• Extracted entries:
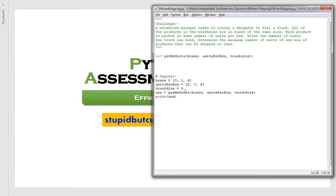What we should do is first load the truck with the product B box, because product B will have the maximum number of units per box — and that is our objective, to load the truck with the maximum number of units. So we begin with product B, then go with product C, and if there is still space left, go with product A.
* * *
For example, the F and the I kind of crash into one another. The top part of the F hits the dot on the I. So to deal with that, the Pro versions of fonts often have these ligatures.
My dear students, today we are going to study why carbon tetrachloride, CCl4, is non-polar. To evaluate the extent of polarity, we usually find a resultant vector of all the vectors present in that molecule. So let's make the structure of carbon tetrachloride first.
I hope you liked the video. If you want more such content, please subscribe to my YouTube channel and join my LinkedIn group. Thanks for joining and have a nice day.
--
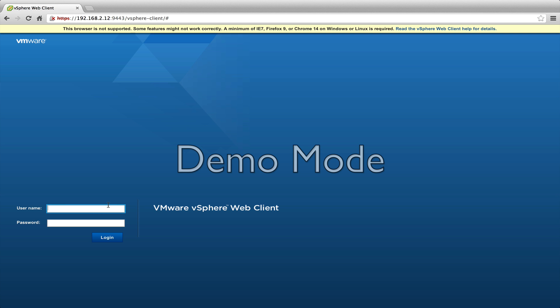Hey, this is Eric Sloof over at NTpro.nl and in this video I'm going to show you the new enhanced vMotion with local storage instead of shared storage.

• Work to be completed:
Copy out, exactly and alone, the lines of the entries above between the ones holding "My dear students, today" and "I hope you liked", inclusive.

• Response for this exercise:
My dear students, today we are going to study why carbon tetrachloride, CCl4, is non-polar. To evaluate the extent of polarity, we usually find a resultant vector of all the vectors present in that molecule. So let's make the structure of carbon tetrachloride first.
I hope you liked the video. If you want more such content, please subscribe to my YouTube channel and join my LinkedIn group. Thanks for joining and have a nice day.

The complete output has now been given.